I have the SSH agent forwarded into a Docker container with the following config:

volumes:
    - '~/.ssh:/.ssh:ro'
    - '~/.ssh/known_hosts:/.ssh/known_hosts:rw'
    - '${SSH_AUTH_SOCK_HOST:-/run/host-services/ssh-auth.sock}:/ssh-auth.sock:ro'
environment:
    SSH_AUTH_SOCK: /ssh-auth.sock

And the IdentityFile symlinked in an entrypoint script:

mkdir -p "$HOME/Library/Group Containers/2BUA8C4S2C.com.1password/t"
ln -sf "$SSH_AUTH_SOCK" "$HOME/Library/Group Containers/2BUA8C4S2C.com.1password/t/agent.sock"

This is working and if I run "ssh-add -l" inside the container, I can see all the available keys.

However, whenever the container requires SSH, the 1Password prompt is always for the same key (the first key listed by "ssh-add -l") and not the actual required key.

1 reply

Michael_Mercuri
March 27, 2026

I believe with the default configuration, 1Password SSH Agent prompts for a key when the key is requested (like any other SSH Agent). If you want a specific key, you'll need to specify the key, either in the ~/.ssh/config file or via the command line ("ssh -i identity_file").

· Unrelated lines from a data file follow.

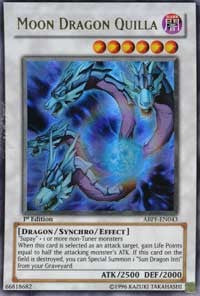 Moon Dragon Quilla [Absolute Powerforce] [ABPF-EN043] | Amazing Games TCG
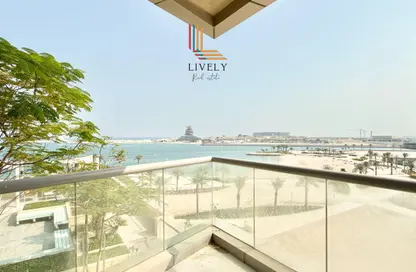 Apartment - 1 Bedroom - 2 Bathrooms for rent in Burj DAMAC Waterfront - Waterfront Residential - The Waterfront - Lusail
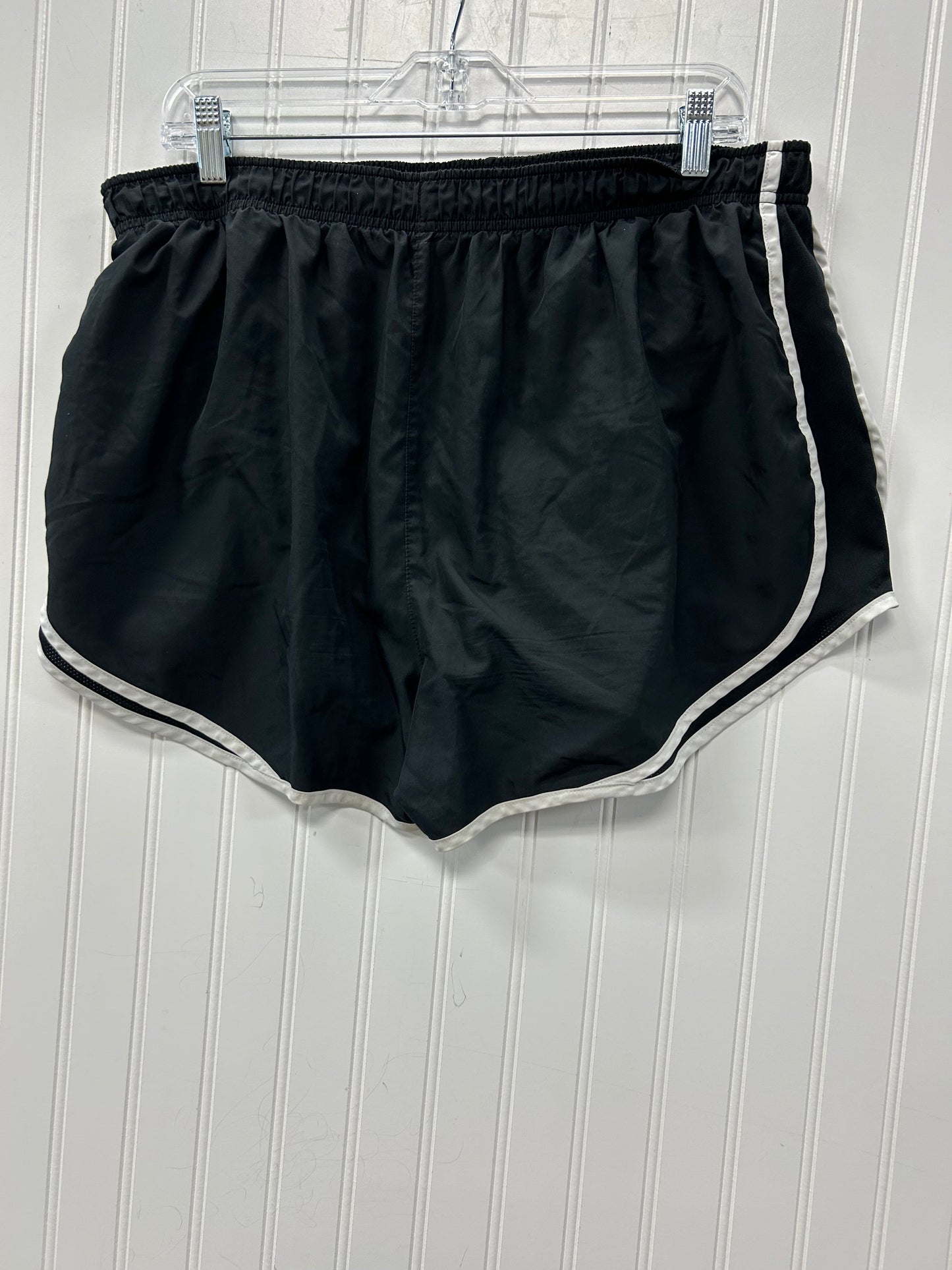Athletic Shorts By Nike Apparel In Black, Size:1X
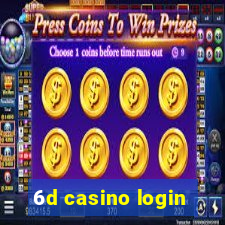 6d casino login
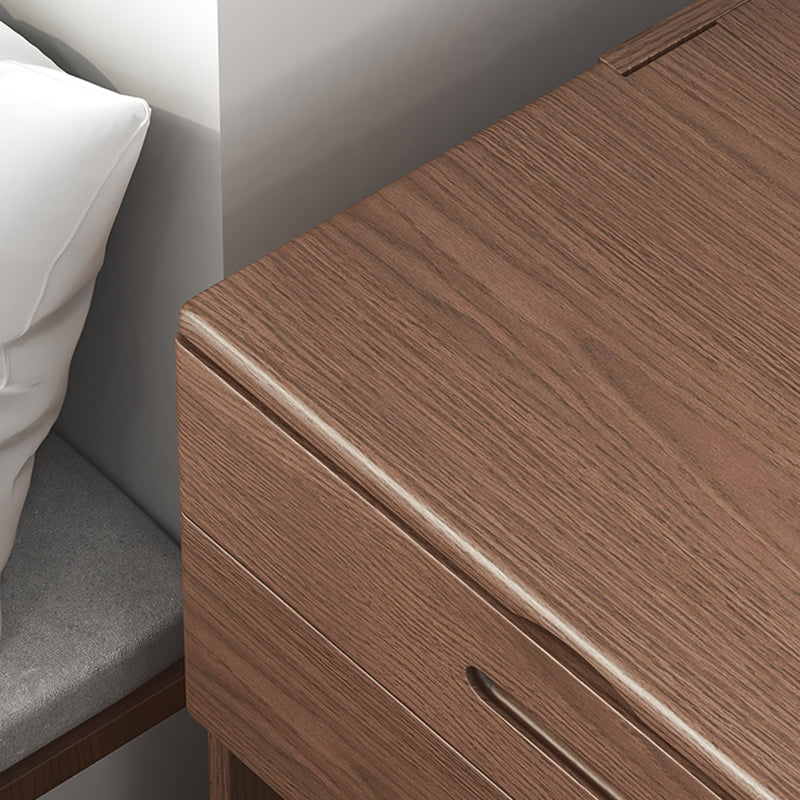 Solid Wood Makeup Vanity Desk Scandinavian Vanity Makeup Dressing Table Set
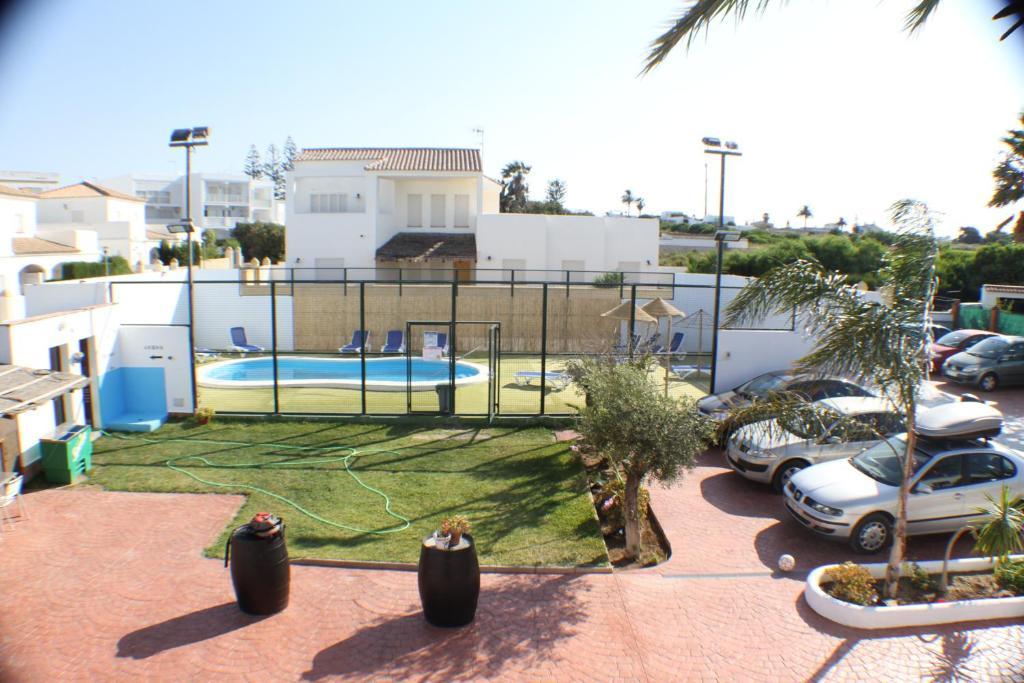 Apartamentos El Palmeral Conil De La Frontera Exterior foto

What I find works best with 1Password SSH Agent, is to store the PUBLIC keys as identify files (e.g. "~/.ssh/config/id_ed25519.pub") and then in ~/.ssh/config set the identity file to the public key via "IdentityFile ~/.ssh/id_ed25519.pub". 

This has two advantages:

  1. no need to store the private key on disk 
  2. easy to configure specific key to use

If you really want to configure 1Password SSH Agent to only allow access to specific keys, it's possible to configure it via 1Password https://developer.1password.com/docs/ssh/agent/config.  

However, I find it best to stick with basic SSH config for broader compatibility.